Littérature noire
16 Juillet 2024
Il y a chez Denis Soula cette douce humanité que l'on retrouve par exemple chez Marc Villard. Des histoires d'hommes et, surtout, de femmes de tous les jours, pris et prises dans les affres d'un quotidien jamais facile quand on appartient à cette fameuse classe moyenne. Ou lorsque l'on est, encore plus complexe, un étranger sans papier. C'est le cas de Jiordan. Nigérian, c'est un guitariste de haut niveau, ancien partenaire de Fela Kuti, rompu à toutes les scènes d'Europe et qui, un jour, pour les beaux yeux d'une Argentine croisée en France, s'est arrêté à Paris. Depuis, il joue dans différents groupes, tape le boeuf au New Morning et donne des cours de musique dans l'école de son quartier. C'est là qu'il rencontre Claire. Enfin, drôle d'endroit pour une rencontre comme on dit souvent. Lors d'une descente de police musclée, Jiordan se fait embarquer, non sans avoir balancé une belle pogne à un membre des forces de l'ordre tandis que Claire en a giflé un autre. Centre de rétention pour l'un, rappel à l'ordre pour l'autre. Et tous deux vont se revoir, forcément.

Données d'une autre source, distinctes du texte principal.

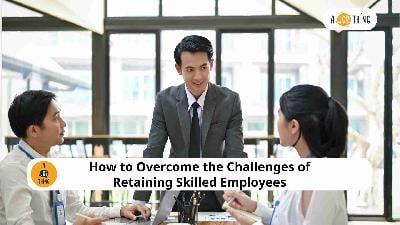 Cover image for How to Overcome the Challenges of Retaining Skilled Employees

Alors écrit comme ça, peut-être que c'est léger. Mais avec les mots de Denis Soula cela prend une toute autre envergure heureusement. Premier de ses courts romans parus chez Joelle Losfeld, Mektoub est bien entendu différent de ceux qui suivront mais ressemble en fond à Un amour électrique pour ces sentiments naissants, ce frisson du premier regard, ces palpitations incontrôlables. Oui, Denis Soula connaît les choses du coeur et les peint avec une belle pudeur. Y compris, comme ici, dans les ruptures.
Et puis Denis Soula, qui est définitivement un bon gars, s'y connaît en musique on le sait et navigue là dans des eaux improbables entre Fela donc et Bob Dylan, presque un maître à penser pour Claire. L'irruption des paroles est toute en finesse jamais envahissante et donne un vrai cachet, peut-être même du réalisme dans ce personnage féminin.
Comme ces autres opus chez cette éditrice, cela se lit en une bonne journée, parce que c'est court mais surtout parce que c'est vivant, rythmé et, encore une fois, d'une humanité douce mais combative.